ADA: Intensive Glucose Control Reduces Complications
In diabetics, lowering mean A1C to 6.5 percent dramatically reduces risk of kidney disease
MONDAY, June 9 (HealthDay News) -- In type 2 diabetics, intensive glucose control significantly reduces the risk of serious complications, especially kidney disease, according to research presented this week at the American Diabetes Association's 68th Annual Scientific Sessions in San Francisco, and published in the June 12 issue of the New England Journal of Medicine.
Anushka Patel, M.D., of the George Institute for International Health and University of Sydney in Sydney, Australia, and colleagues from the ADVANCE (Action in Diabetes and Vascular Disease: Preterax and Diamicron-MR Controlled Evaluation) trial randomly assigned 11,140 patients at 215 centers in 20 countries to receive either standard glucose control or intensive glucose control with modified-release gliclazide and then up to three oral agents followed by insulin.

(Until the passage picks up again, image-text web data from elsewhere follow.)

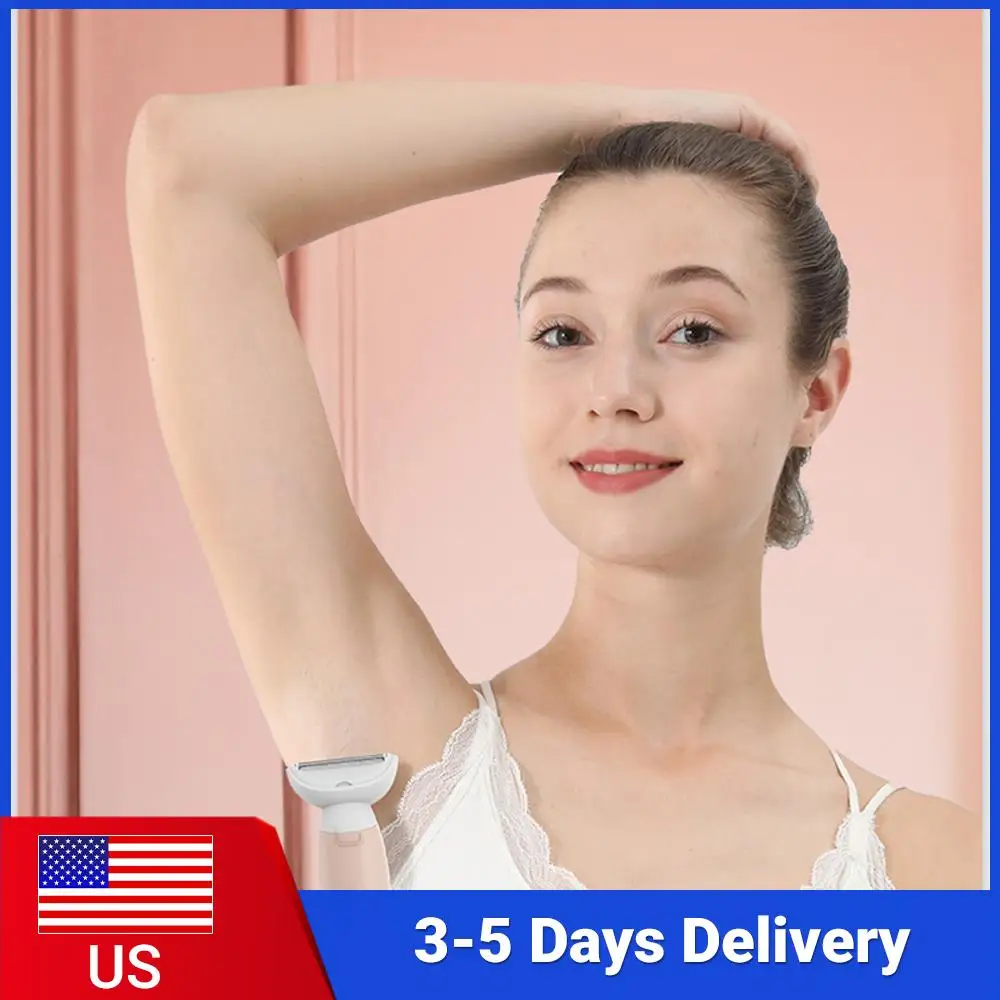 

5 In 1 Wet/Dry Face Hair Remover USB Charging Painless Hair Removal Multi-Purpose Portable Shaving Machine for Face Nose Eyebrow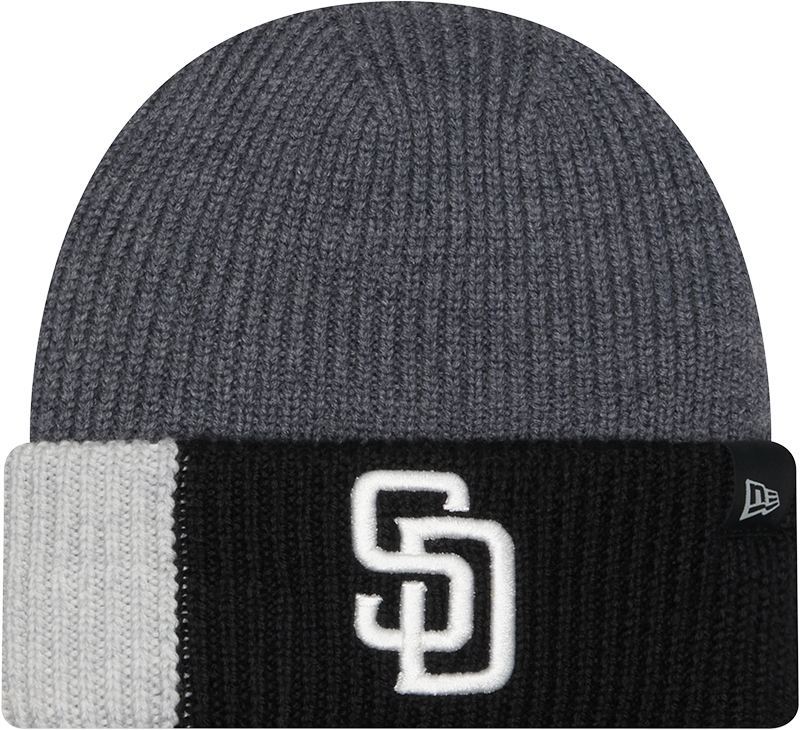 San Diego Padres Merino Wool Color Block Cuff Knit Hat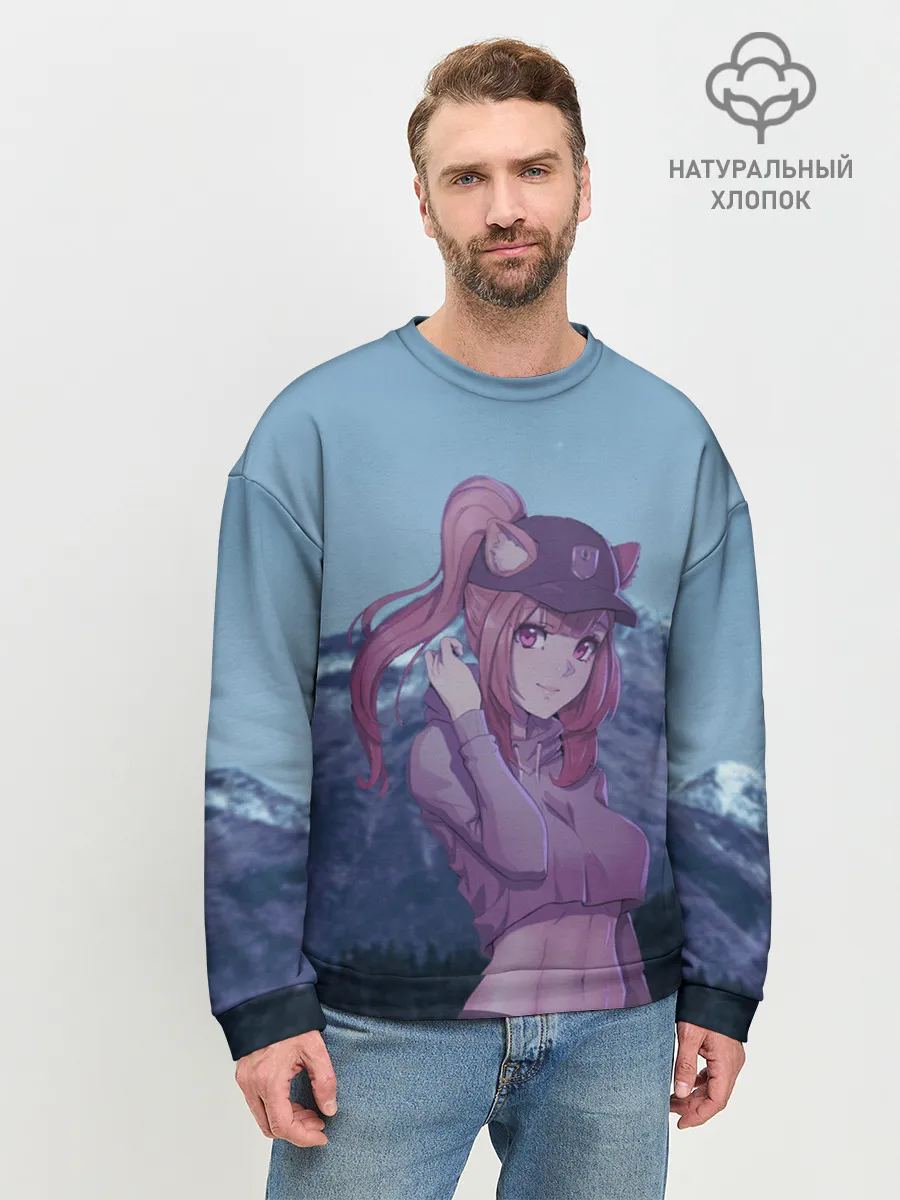 Мужской свитшот базовый / Рафталия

After a median follow-up of five years, the researchers found that the mean glycated hemoglobin level was lower in the intensive control group than in the standard control group (6.5 percent versus 7.3 percent). They also found intensive control reduced the combined risk of major macrovascular and microvascular complications by 10 percent, microvascular risk by 14 percent, and the risk of the development or progression of kidney disease by 21 percent. The investigators also found that intensive control was not associated with an increased risk of death or a significantly decreased risk of major macrovascular events: heart attack, stroke and death from cardiovascular disease.
"This result does not diminish the importance of the trial, since negative findings are still vitally important in the assessment of the association between glycemic targets and cardiovascular disease," states the author of an accompanying editorial. "However, by virtue of the significant reduction in nephropathy, the ADVANCE trial extended our understanding of intensive glycemic control on microvascular events in patients with type 2 diabetes."